Now save and run this once, check that the json and h5 files were created in the local directory.

Loading Our Model

This will load the model we just saved and then finally we can throw some of our own data at it:

    
#!/usr/bin/env python3
#
# keras_mnist_cnn_load_model_test.py

import numpy
import sys
from keras.models import model_from_json
import scipy.ndimage

def main(img_fname):
  seed = 7
  numpy.random.seed(seed)

  # load json and create model
  json_file = open('keras_mnist_cnn.json', 'r')
  loaded_model_json = json_file.read()
  json_file.close()
  loaded_model = model_from_json(loaded_model_json)
  # load weights into new model
  loaded_model.load_weights("keras_mnist_cnn.h5")
  print("Loaded model from disk")

  im = scipy.ndimage.imread(img_fname, flatten=True)
  data = im
  data = data.reshape(1, 1, 28, 28).astype('float32')
  data = data/255
  np_data = numpy.array(data)
  predict = loaded_model.predict(np_data)
  i = 0
  for x in predict[0]:
    if (round(x) > 0):
      print("")
      print("num is: %d" % (i))
      print("")
    i=i+1

fname = sys.argv[1]
main(fname)
    
  

Now create your own jpg image file of size 28x28 (GIMP works well) and place it in the same directory as the py files.

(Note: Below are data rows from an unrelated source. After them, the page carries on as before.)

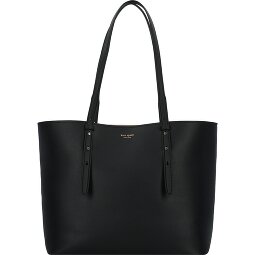 Kate Spade New York Do It All Borsa shopper Vera Pelle 35 cm  Variante 1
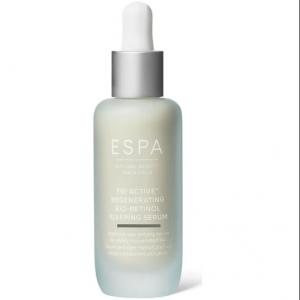 Tri-Active™ Regenerating Bio-Retinol Sleeping Serum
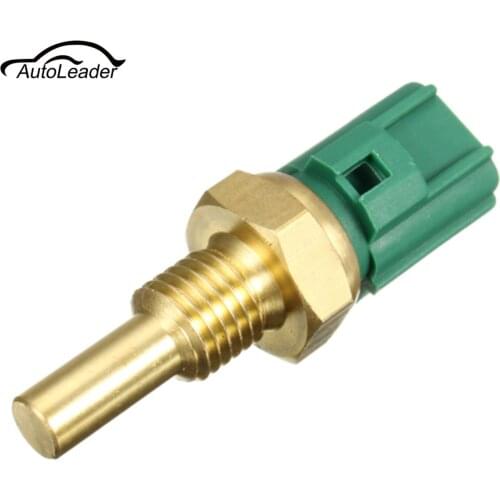 Engine Coolant Temperature Sensor TX40 For Lexus/Toyota/ Ford/ Mazda F42Z10884A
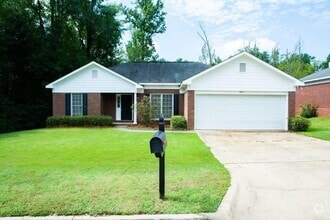 Building Photo - 8037 Creekland Dr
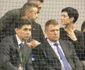iohannis sibiu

Call your program with the name of the file as the only argument and you'll see it try guess the number you've written.

$ python3 keras_mnist_cnn_load_model_test.py test.jpg

num is: 8

Two things are happening here, we load the model just like we saved it, pretty straightforward.

Then we read in the image and we actually just shape it the same way we did with the MNIST data and stuff it into a numpy array. After the data has been shaped we call a new Keras method, predict, and this will run the image array through the model. From that we get 10 outputs and since we are using one hot encoding we can treat each one as a binary off or on. We do this by rounding the outputs, so whichever index is 1 will be the prediction for the number we have passed to the model.